Aimberé tinha razões de sobra para não confiar nos portugueses, pois estes o tinham aprisionado na fazenda de Brás Cuba junto com seu pai, também a sua mulher Iguaçu na toma do Forte Coligny foi feita escrava. Tudo isto se agravava uma vez que Anchieta traiu um segredo de confissão ao revelar o plano de ataque dos Tamoio a Piratininga, plano confesso por Tibiriçá, o cacique aliado dos portugueses, sogro de João Ramalho, grande proprietário de terras e pioneiro no tráfego de escravos no Brasil.

João Ramalho era um homem lendário, possivelmente náufrago e degradado; audacioso, aventureiro que controlava o litoral e o planalto paulista, situando-se acima dos poderes temporais estabelecidos pela Coroa. Possuía um harém de mulheres, entre as quais estava Bartira, sua predileta, filha de Tibiriçá. Tinha muitos filhos, considerados “mamelucos”. Para os jesuítas esta situação irregular de João Ramalho resultava motivo de ex-comunhão, até ele consentir posteriormente o casamento oficial. João Ramalho inaugurou um novo sistema de escambo com os europeus, no qual a madeira tão prezada, o pau – Brasil foi substituído pelo escravo – indígena. Ramalho escravizou guaianases, carijós e tupiniquim. Por esta razão, transformou-se desde seus inícios em alvo da Confederação.

Os relatos de cronistas contam que certo dia, Tibiriçá recebeu a visita de um emissário dos Tamoio, seu sobrinho Jogoanharo, filho de Araraí seu irmão, que trazia noticias de Aimberé, desejoso de contar com ele na luta da Confederação. Aimberé queria de volta Tibiriçá a seu antigo povo, e assim superar o conflito entre Tupinambá e Tupiniquim. Tibiriçá sentiu-se honrado com o convite, no entanto, questionava sobre o tempo do ataque que seria no prazo de três luas, pedindo um adiamento a seu sobrinho. Este último fala da impossibilidade da postergação, até porque ele era apenas um emissário da notícia, mas volta confiado na adesão para dar a boa nova ao povo Tamoio.

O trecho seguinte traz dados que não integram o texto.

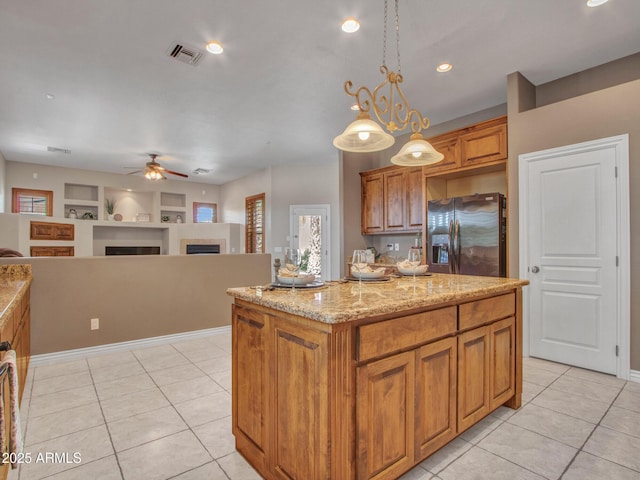 2724 W Fernwood Dr, Phoenix, AZ 85086 - kitchen featuring stainless steel refrigerator with ice dispenser, a ceiling fan, a fireplace, brown cabinets, and light tile patterned flooring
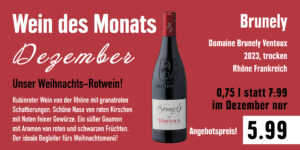 Werbung für den Wein des Monats Dezember mit einer Flasche Domaine Brunely Ventoux 2023, trocken, aus der Rhône in Frankreich. Der Text beschreibt den Wein als rubinrot mit granatroten Schattierungen, Noten von roten Kirschen und Gewürzen. Er wird als idealer Begleiter für Weihnachtsmenüs empfohlen, zum Sonderpreis von 5,99 Euro anstatt 7,99 Euro für 0,75 Liter.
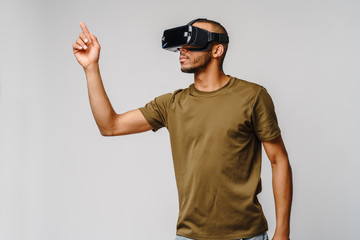 Naklejka premium Young African American man wearing vr virtual reality headset over grey background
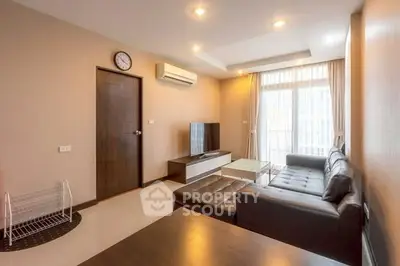 Spacious modern living room with leather sofa and large window for natural light.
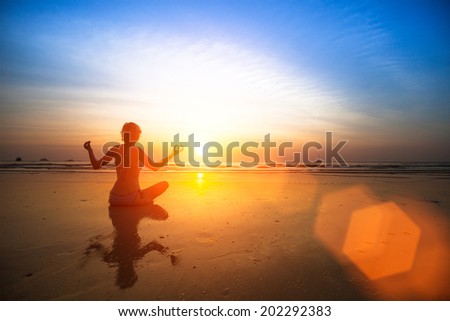 Silhouette yoga woman sitting on sea coast at beautiful sunset.
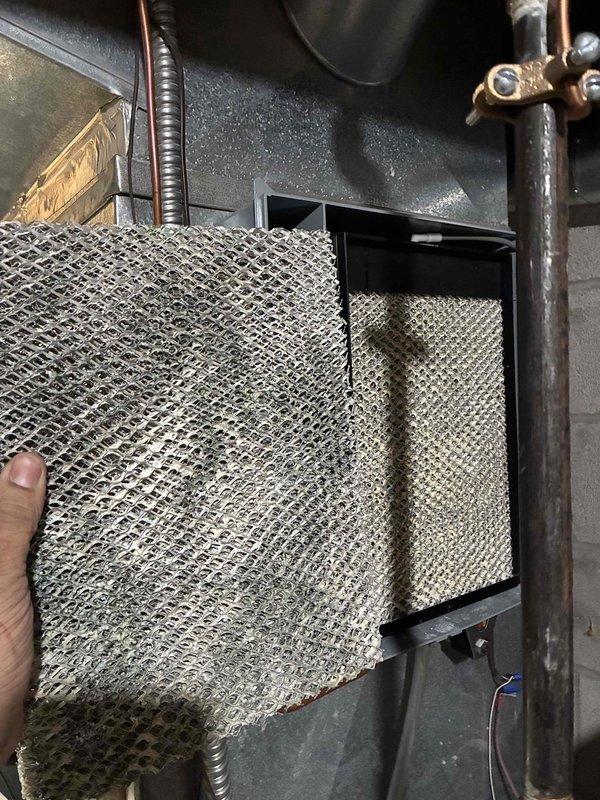 Responded to service call regarding continuous water drainage from Aprilaire whole-house humidifier. Inspected system and found severely clogged air filter causing improper system operation. Serviced humidifier components and replaced filter to restore proper functionality and eliminate water waste issue.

Anchieta percebe que logo após este acontecimento, Tibiriçá não estava em paz consigo, angustiado, o velho cacique Tupiniquim, procura o jesuíta que o induz à confissão. O plano dos Tamoio foi um segredo de confessionário violado por José de Anchieta, em uma tentativa de salvar o exercício de seu apostolado, politicamente engajado. Assim, Anchieta orienta o líder Tupiniquim a voltar a sua posição original em favor dos interesses religiosos e políticos da Coroa, que ele representava, e conta para João Ramalho quando o ataque aconteceria, a idéia era preparar os portugueses para o ataque. Dessa batalha, os Tamoio saíram vitoriosos, mas com muito ódio de Tibiriçá que terminou matando seu próprio sobrinho Jogoanharo.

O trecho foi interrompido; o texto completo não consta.